Während eine harmlose Situation in Saarbrücken eine Terrorhysterie bewirkt, gibt es nach einem Brandanschlag auf eine Geflüchtetenunterkunft in Berlin kaum Reaktionen
Zwei Geschehnisse aus den letzten beiden Tagen illustrieren die absurde Terrorangst in Deutschland. In Saarbrücken löst ein psychisch gestörter Mann eine Terrorpanik aus – wie sich herausstellt völlig unbegründet. Er wird unbewaffnet und schlafend in seinem eigenen Restaurant aufgefunden. Zuvor rollte auf twitter und in den Medien bereits die Terrorberichterstattung an. Ein Feuer in einer Geflüchtetenunterkunft löst dagegen gar keine Reaktionen dieser Art aus. Obwohl Menschenleben gefährdet waren, die Polizei wegen vorsätzlicher Brandstiftung ermittelt und der Terror gegen Geflüchtete seit Monaten eine massive Bedrohung darstellt.
Sitation 1: Schlafender Mann löst Terrorhysterie aus
Am Sonntag morgen überschlugen sich die Nachrichten aus Saarbrücken. Ein bewaffneter Mann soll sich blutüberströmt in einem Restaurant verschanzt haben. Sofort gehen die Spekulationen über einen Terroranschlag los. Einige Medien waren sich sogar sicher, dass es sich um einen Terrorakt handeln muss.Auf twitter waren sich Rechte sicher, Islamisten haben erneut zugeschlagen, gefährden Menschenleben und attackieren unsere Grundwerte. Am Ende stellt sich heraus, der psychisch gestörte Mann hatte sich selbst verletzt. Anschließend schloss er sich in seinem eigenen Restaurant ein. Das herbeigerufene Sondereinsatzkommando hatte ihn schlafend angetroffen. Zu keinem Zeitpunkt hatte es eine Gefährdung von Menschen gegeben. Zu keinem Zeitpunkt hatte es einen Angriff auf die Gesellschaft und ihre Grundwerte gegeben.

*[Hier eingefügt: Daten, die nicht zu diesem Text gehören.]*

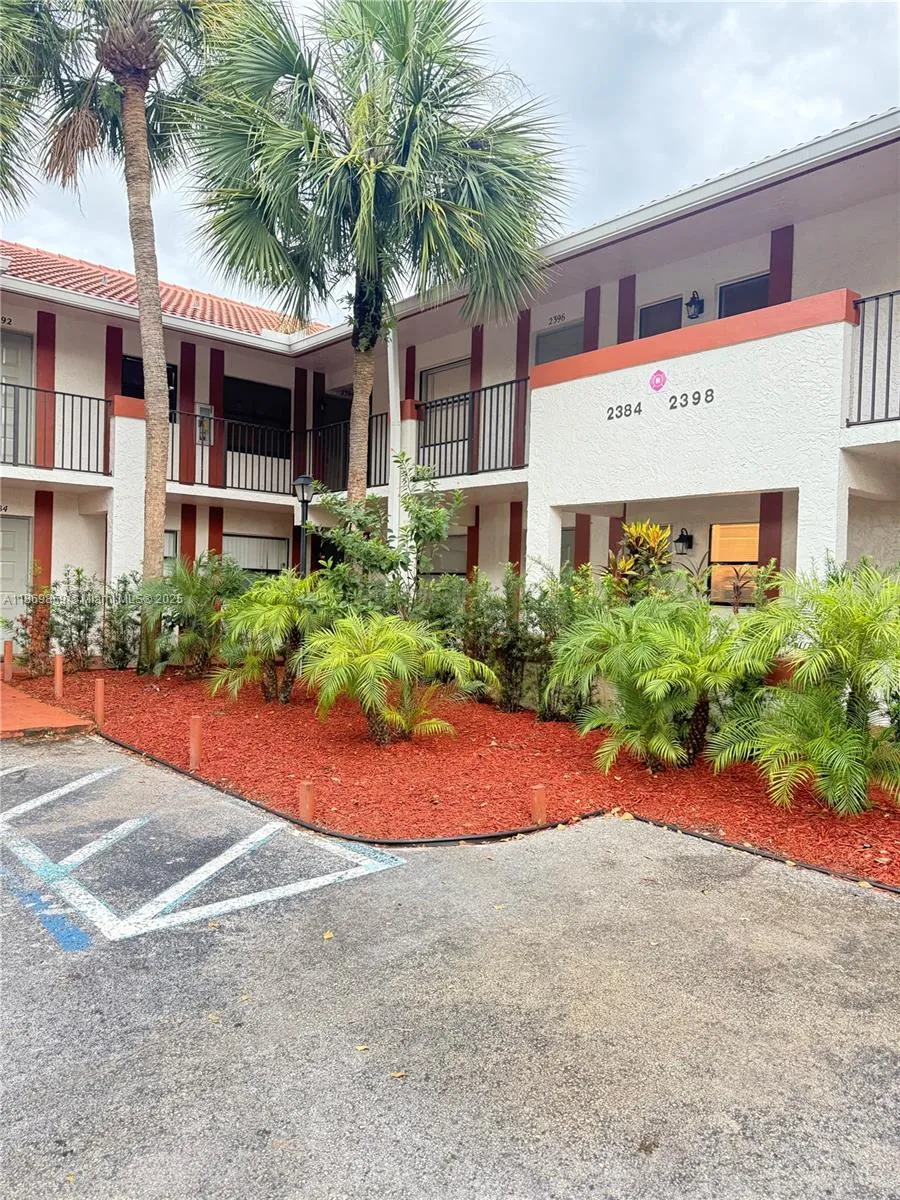 1 bedroom 1 bath for sale at 2388 Coral Springs Dr # 2388, Coral Springs FL 33065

Situation 2: Brandanschlag auf Geflüchtetenunterkunft
Einen Tag später bricht ein Feuer in einer Geflüchtetenunterkunft in Berlin-Buch aus. Löschzüge müssen anrücken, Menschen werden evakuiert. Nur des schnellen Eingreifens des Wachschutzes, der Bewohnenden und der kurz darauf eintreffenden Feuerwehr ist es zu verdanken, dass Menschen nur leicht zu Schaden kommen. Die Polizei gibt später bekannt, sie ermittle wegen des Verdachts der vorsätzlichen Brandstiftung. Sollten sich diese Erkenntnisse erhärten, hätten die Attentäter unmittelbar einen Angriff auf das Leben von Menschen verübt. Sie hätten mit diesem Anschlag auch grundlegenden Werte dieser Gesellschaft angegriffen. Nur einen Tag später hängt die NPD ein Plakat vor die Brandstelle mit dem Slogan „Deutschland uns Deutschen“.
Warum ist Terror nicht Terror?
Doch die Terrorhysterie bleibt aus. Kaum jemand bezeichnet den Anschlag als Akt des Terrors. Kaum jemand sieht Grundwerte in Gefahr, spekuliert über die möglichen neonazistischen Täter und ihre eventuellen menschenfeindlichen Motive. Kaum jemand nimmt diesen Anschlag als Terrorangriff wahr – obwohl er genau das ist. Die unzähligen Terrorangriffe auf Geflüchtetenunterkünfte sollen Angst und Schrecken verbreiten. Sie sollen das gesellschaftliche Klima verändern und dazu führen, dass sich Geflüchtete nicht mehr sicher fühlen – und deshalb das Land verlassen. 68 mal registrierte das Bundeskriminalamt bisher in 2016 durchgeführte und versuchte Brand- und Sprengstoffanschläge auf Unterkünfte von Geflüchteten. 665 Straftaten zählte die Behörde insgesamt.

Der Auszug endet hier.